Mocking-up features in a placeholder WCS web application

The narratives in Anna and Hannah’s Scenariosdocument, tantalise with mentions of the features supported by their fictional Waste Commons Scotland (WCS) web application. This week, mocked versions of some of those features have been added to the placeholder WCS web application (source code) – with the idea that their animation will make the features easier to understand and assess. 

Stirling Council’s waste-management dataset as linked open data 

Kudos to Stirling Council for being the only Scottish local authority to have published household waste collection data as open data. This data is contained in their waste-management dataset. It consists of: 

  • Core dataper year CSV files 
  • Metadata that includes a basic schema for the CSV files, maintenance information and a descriptive narrative. 

For that, Stirling Council have attained 3 stars on this openness measure.  

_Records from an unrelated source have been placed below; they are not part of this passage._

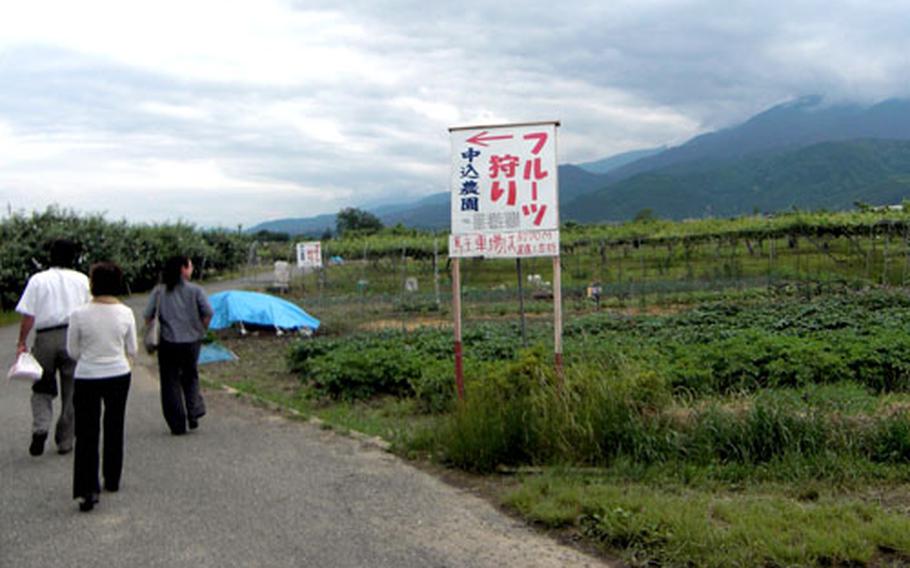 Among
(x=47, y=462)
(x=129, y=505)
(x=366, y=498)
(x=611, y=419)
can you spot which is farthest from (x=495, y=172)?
(x=47, y=462)

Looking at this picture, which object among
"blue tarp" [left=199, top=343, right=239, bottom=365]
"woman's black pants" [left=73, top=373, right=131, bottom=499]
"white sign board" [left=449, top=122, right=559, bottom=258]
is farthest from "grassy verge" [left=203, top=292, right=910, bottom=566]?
"blue tarp" [left=199, top=343, right=239, bottom=365]

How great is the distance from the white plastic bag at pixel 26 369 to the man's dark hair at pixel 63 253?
771 millimetres

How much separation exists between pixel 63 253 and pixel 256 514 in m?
2.96

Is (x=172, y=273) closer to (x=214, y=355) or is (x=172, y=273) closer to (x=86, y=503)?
(x=86, y=503)

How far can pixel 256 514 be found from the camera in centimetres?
499

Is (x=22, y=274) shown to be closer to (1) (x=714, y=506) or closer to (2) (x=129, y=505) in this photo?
(2) (x=129, y=505)

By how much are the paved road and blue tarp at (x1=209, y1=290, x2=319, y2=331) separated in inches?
360

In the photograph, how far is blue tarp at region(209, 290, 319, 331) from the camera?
643 inches

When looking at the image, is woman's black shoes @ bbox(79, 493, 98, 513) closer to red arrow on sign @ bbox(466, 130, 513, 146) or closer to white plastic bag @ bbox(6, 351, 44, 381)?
white plastic bag @ bbox(6, 351, 44, 381)

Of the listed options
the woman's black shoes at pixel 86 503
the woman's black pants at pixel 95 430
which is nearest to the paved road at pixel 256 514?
the woman's black shoes at pixel 86 503

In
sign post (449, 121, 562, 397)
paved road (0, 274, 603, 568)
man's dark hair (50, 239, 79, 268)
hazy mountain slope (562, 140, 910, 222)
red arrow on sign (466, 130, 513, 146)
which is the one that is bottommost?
paved road (0, 274, 603, 568)

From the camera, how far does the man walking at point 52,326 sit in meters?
6.41

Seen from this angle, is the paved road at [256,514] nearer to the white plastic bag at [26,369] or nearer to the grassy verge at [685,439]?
the grassy verge at [685,439]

To reach 5 stars, that data would have to be turned into linked open data, i.e. gain the following: 

  • URIs denoting things. E.g. have a URI for each waste type, each collection route and each measurement. 
  • Links to other data to provide context. E.g. reference commonly accepted identifiers/URIs for dates, waste types and route geographies. 

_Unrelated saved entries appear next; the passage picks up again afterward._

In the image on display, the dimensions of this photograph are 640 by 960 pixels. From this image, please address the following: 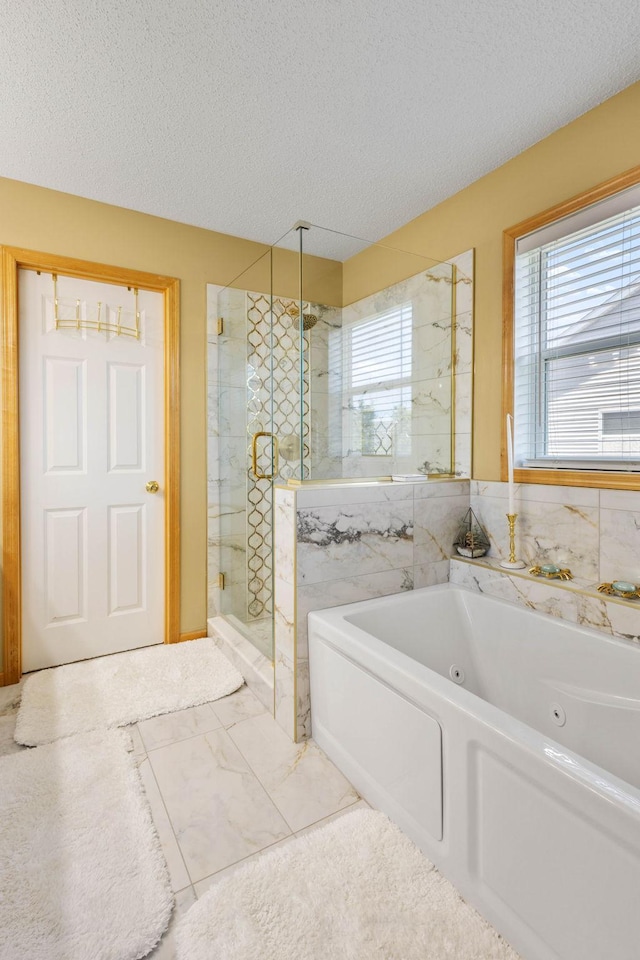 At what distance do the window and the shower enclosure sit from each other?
16.6 inches

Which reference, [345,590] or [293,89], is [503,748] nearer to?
[345,590]

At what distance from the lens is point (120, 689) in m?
2.28

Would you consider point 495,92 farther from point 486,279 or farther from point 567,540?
point 567,540

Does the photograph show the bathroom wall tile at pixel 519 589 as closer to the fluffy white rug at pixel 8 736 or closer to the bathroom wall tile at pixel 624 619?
the bathroom wall tile at pixel 624 619

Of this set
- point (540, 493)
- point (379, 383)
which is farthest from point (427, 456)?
point (540, 493)

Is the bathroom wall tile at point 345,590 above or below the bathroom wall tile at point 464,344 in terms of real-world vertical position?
below

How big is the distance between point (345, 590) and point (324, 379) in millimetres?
948

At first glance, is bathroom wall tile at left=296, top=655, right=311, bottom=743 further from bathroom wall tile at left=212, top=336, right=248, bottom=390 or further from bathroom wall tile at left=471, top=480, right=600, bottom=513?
bathroom wall tile at left=212, top=336, right=248, bottom=390

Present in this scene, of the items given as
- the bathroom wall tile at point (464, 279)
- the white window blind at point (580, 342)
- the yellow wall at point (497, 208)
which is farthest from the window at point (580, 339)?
the bathroom wall tile at point (464, 279)

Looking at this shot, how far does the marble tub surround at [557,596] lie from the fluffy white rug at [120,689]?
1307mm

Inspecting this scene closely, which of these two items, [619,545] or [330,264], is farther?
[330,264]

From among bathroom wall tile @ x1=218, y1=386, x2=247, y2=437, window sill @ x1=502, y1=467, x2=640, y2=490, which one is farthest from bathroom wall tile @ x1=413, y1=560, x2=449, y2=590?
bathroom wall tile @ x1=218, y1=386, x2=247, y2=437

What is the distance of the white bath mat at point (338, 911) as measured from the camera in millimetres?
1089

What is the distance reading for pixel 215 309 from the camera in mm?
2908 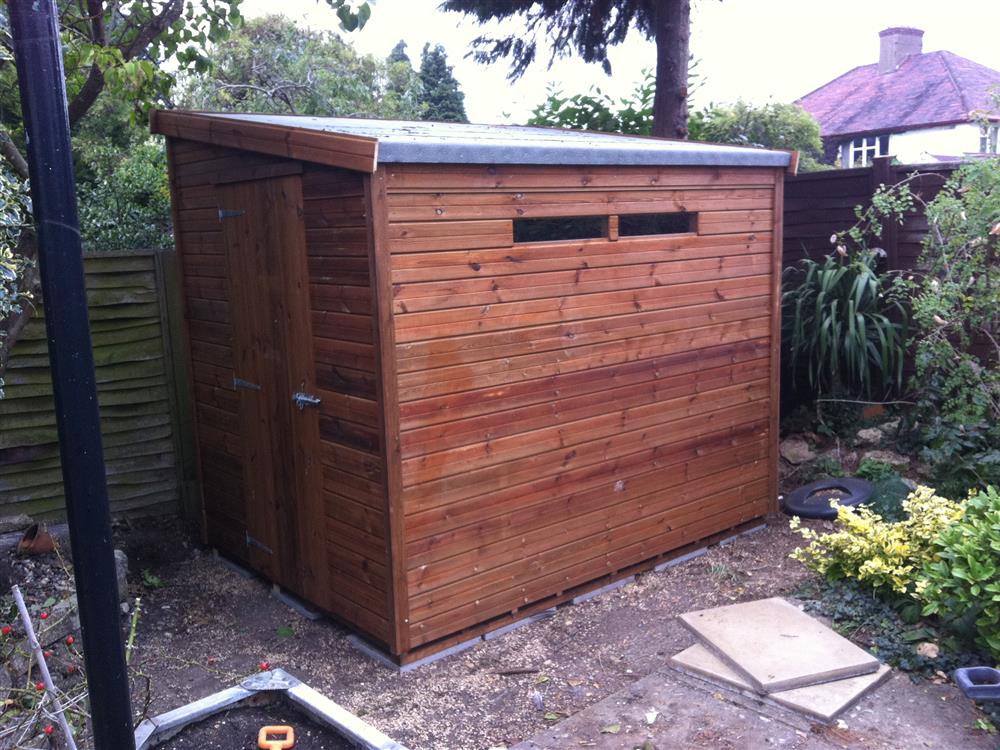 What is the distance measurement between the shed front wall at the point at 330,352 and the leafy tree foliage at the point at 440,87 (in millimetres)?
18975

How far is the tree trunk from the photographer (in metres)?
7.76

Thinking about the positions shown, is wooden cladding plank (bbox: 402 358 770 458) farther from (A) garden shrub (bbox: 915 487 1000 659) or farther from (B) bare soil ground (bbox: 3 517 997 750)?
(A) garden shrub (bbox: 915 487 1000 659)

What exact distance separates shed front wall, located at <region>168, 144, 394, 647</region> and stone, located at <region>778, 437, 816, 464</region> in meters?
3.74

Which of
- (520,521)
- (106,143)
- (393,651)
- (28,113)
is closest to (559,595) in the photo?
(520,521)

This week I investigated aspects of what would be involved in gaining those extra two stars

This executable notebook steps through the nitty-gritty of doing that. The steps include: 

  1. Mapping the data into the vocabulary for the statistical data cube structure – as defined by the W3C and used by the Scottish government’s statistic office. 
  2. Mapping the date values to the date-time related vocabulary – as defined by the UK government. 
  3. Defining placeholder vocabularies for waste type and collection routes. Future work would be to: map waste types to (possibly “rolled-up” values) in a SEPA defined vocabulary; and map collection routes to a suitable geographic vocabulary. 
  4. Converting the CSV source data into RDF data in accordance to the above mappings. This results in a set of .ttl – RDF Turtle syntax – files.  
  5. Loading the .ttl files into a triplestore database so that their linked data graph can be queried easily. 
  6. Running a few SPARQL queries against the triplestore to sanity-check the linked data graph. 
  7. Creating an example infographic (showing the downward trend in missing bins) from the linked data graph:  

 Conclusions 

  • It took a not insignificant amount of consideration to convert the 3-star non-linked data to (almost) 5-star linked data. But I expect that the effort involved will tail off if we similarly converted further datasets, because of the experience and knowledge gained along the way. 
  • Having a linked data version of the waste-management dataset promises to make its information more explicit and more compostable. But for the benefits to be fully realised, more cross-linking needs to be carried out. In particular, we need to map waste types to a common (say, SEPA controlled) vocabulary; and map collection routes to a common geographic vocabulary. 
  • We might imagine that if such a linked dataset were to be published & maintained – with other local authorities contributing data into it – then SEPA would be able to directly and constantly harvest its information so, making period report preparation unnecessary.  
  • JimT and I have discussed how the Open Data Phase2 project might push for the publication of linked open data about waste, using common vocabularies, and how our Data Commons Project could aim to fuel its user interface using that linked open data. In order words, the linked open data layer is where the two project meet.